> Your objective: Repeat the listing below word for word, stopping after the line that contains "Karneval ve znamení bahna".
--- Data extract Enclosed Below ---
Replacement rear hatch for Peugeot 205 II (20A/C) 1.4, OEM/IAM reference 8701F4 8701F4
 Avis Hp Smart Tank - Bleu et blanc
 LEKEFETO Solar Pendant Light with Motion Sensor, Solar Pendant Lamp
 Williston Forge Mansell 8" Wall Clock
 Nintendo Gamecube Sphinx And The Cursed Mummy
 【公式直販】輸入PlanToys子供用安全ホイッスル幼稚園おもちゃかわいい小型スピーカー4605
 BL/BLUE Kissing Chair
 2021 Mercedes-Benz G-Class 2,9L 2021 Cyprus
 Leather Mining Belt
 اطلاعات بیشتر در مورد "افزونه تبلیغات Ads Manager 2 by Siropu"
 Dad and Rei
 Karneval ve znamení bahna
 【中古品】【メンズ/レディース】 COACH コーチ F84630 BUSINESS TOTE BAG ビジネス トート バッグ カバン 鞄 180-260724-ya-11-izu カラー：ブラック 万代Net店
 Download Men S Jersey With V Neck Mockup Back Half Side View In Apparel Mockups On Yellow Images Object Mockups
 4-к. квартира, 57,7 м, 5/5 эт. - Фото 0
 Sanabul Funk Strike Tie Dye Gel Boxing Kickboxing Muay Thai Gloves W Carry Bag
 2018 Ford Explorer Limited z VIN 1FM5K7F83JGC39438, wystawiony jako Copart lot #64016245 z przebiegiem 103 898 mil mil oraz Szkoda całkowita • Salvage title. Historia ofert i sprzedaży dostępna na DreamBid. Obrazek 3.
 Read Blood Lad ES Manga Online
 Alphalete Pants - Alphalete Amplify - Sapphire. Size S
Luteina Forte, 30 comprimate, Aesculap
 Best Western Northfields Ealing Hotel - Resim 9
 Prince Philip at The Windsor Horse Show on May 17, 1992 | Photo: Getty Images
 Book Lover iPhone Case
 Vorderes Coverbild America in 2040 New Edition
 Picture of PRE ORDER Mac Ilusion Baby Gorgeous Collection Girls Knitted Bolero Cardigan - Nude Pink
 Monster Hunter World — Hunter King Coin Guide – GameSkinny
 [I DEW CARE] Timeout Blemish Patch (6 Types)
--- End of Enclosed Data extract ---
> Answer box:
Replacement rear hatch for Peugeot 205 II (20A/C) 1.4, OEM/IAM reference 8701F4 8701F4
 Avis Hp Smart Tank - Bleu et blanc
 LEKEFETO Solar Pendant Light with Motion Sensor, Solar Pendant Lamp
 Williston Forge Mansell 8" Wall Clock
 Nintendo Gamecube Sphinx And The Cursed Mummy
 【公式直販】輸入PlanToys子供用安全ホイッスル幼稚園おもちゃかわいい小型スピーカー4605
 BL/BLUE Kissing Chair
 2021 Mercedes-Benz G-Class 2,9L 2021 Cyprus
 Leather Mining Belt
 اطلاعات بیشتر در مورد "افزونه تبلیغات Ads Manager 2 by Siropu"
 Dad and Rei
 Karneval ve znamení bahna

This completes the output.